Nevertheless it was, of course, a sizable bone. Illinois was a great state, and the governorship, with its tradition of Altgeld, a great office. In the past, at least, it had counted for more than the Senate. It took him back to his family roots. And as the campaign wore on he became captivated by the power and personality of a state that was almost a country.

“There’s an important difference, it seems to me, between Communism as we view it and Communism as some of the Asian peoples view it. When we think of Communism we think of what we are going to lose. When many of the Asiatics think of Communism they think of what they are going to gain—especially if they believe that they have nothing to lose.” —1952

The nomination was far from equivalent to election. Stevenson’s opponent was Dwight Green, who had been governor since 1940. He had started as a reformer, but he and his administration had deteriorated into lethargy and corruption. Green was nevertheless a considerable figure who, right up to the Republican convention, was a real possibility for either position on his party’s national ticket. His defensive position looked reasonably strong.

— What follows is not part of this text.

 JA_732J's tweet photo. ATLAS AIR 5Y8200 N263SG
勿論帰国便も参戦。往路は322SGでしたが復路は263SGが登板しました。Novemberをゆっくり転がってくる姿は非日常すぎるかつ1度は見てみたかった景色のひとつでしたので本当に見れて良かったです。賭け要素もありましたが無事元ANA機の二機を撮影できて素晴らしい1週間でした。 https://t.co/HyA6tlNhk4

Stevenson’s campaign ran well but not easily. The machine, having tossed him the nomination, left him on his own until the last few weeks. His amateurs were enthusiastic but not very efficient. And his rich friends proved less forthcoming with their money than they had earlier suggested. He was occasionally down almost to his own resources. His speaking was at first rather hesitant and overprepared. Later the overpreparation did not show through, but it continued to occupy a great deal of his time and meant that his set-piece speeches could not be as thickly surrounded by handshaking expeditions as his supporters wished.

But he seemed to be making an impact upon the voters. His favorite campaign phrase was “I am not a politician, I am a citizen.” By the eve of the election his prospects had clearly advanced well beyond the ten-to-one chance that was all he had been allowed in the summer. But his supporters were far less confident than he was himself.

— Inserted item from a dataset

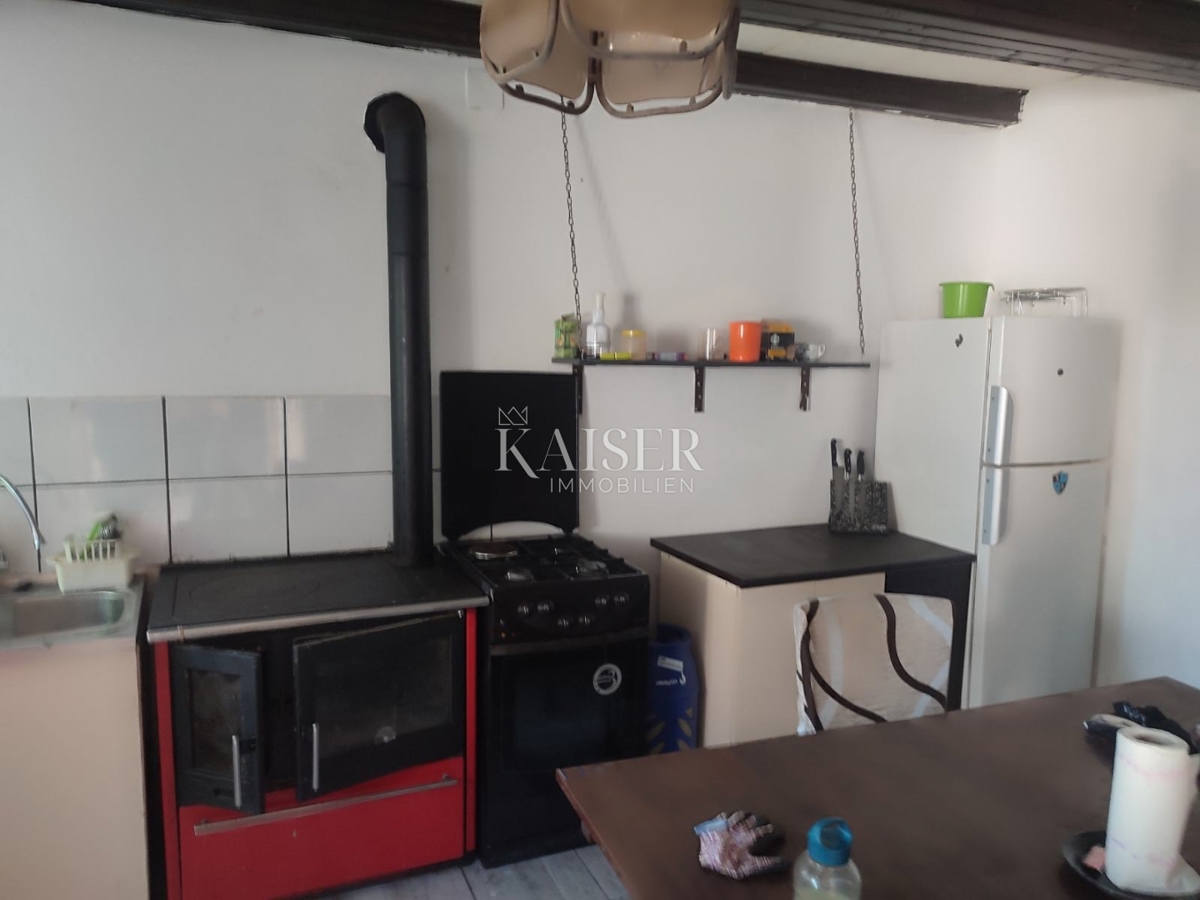 Rijeka, Hreljin - casa da ristrutturare con ampio giardino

In the event he won a landslide victory, with a record majority of more than a half million.

By his 1948 victory Stevenson established himself as a vote getter in a key state. It remained to be seen what he would make of the governorship of Illinois. The next four years gave him the only opportunity of his life for the exercise of major executive responsibility. They are therefore important in any evaluation of how good a President he would have made.

He worked extremely hard. In part this was a reaction to the breakup of his marriage after nine months at Springfield. This left him somewhat lonely in the Executive Mansion, oversized in its pre-Civil War gingerbread style. Yet he was not alone. His sister and her retired diplomat husband soon moved in. He had a lot of friends, whom he was frequently with there or elsewhere. And he was surrounded by a devoted staff, mostly of young Chicago lawyers, with whom he was on easy and intimate terms. It was not absolute loneliness but more a desire to prove himself by public success to compensate for private failure. “I have failed as a husband. I have failed as a father. I will succeed as a governor,” he rather overdramatically told his sister when, late one night, she tried to drag him away from his office.

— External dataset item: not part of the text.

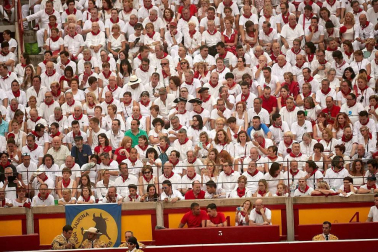 Público asistente a la Plaza de Toros de Pamplona durante la cuarta corrida de la Feria del Toro 2018.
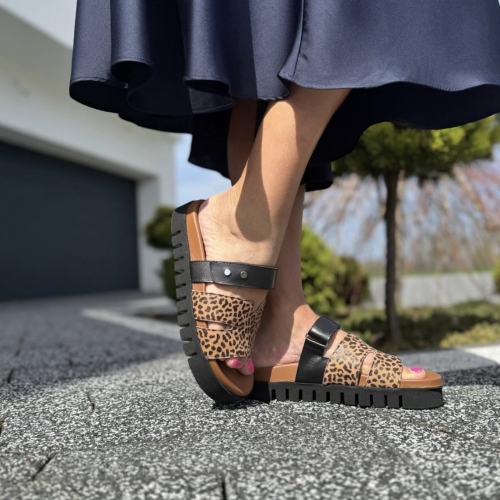 Czarno-rude-Klapki-Damskie-w-panterke-LURSO-model-ERBA-BLACK-COGNAC-skora-naturalna (1).jpg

Yet the keynote of his administration was certainly not demonic. It was far too urbane for that. He rarely lost his temper. He was confronted with a difficult legislature: a bare but fairly corrupt Democratic majority in the house, a Republican one in the state senate. He eschewed deals, sometimes quite respectable ones, but maintained relations with all who could help him and resorted to occasional polite and moderately effective public admonition. He got two-thirds of his legislative program through, but the last third contained many of the most important measures.

If the legislature frustrated some of his bills, so he frustrated some of theirs. He was one of the most elegant drafters of veto messages in the history of American executive office. This elegance reflected itself in his speaking style, which became firmly established during these years. It was self-deprecatory, evocative, and literary, and it raised the sights of most of his audiences without disappearing over their horizons. He did not hold them by flashing eye or stirring populism, but he caressed them with a persuasive high-mindedness without in most instances causing a deep unease. He did not shock his listeners, but he tried hard to explain to them the more difficult issues.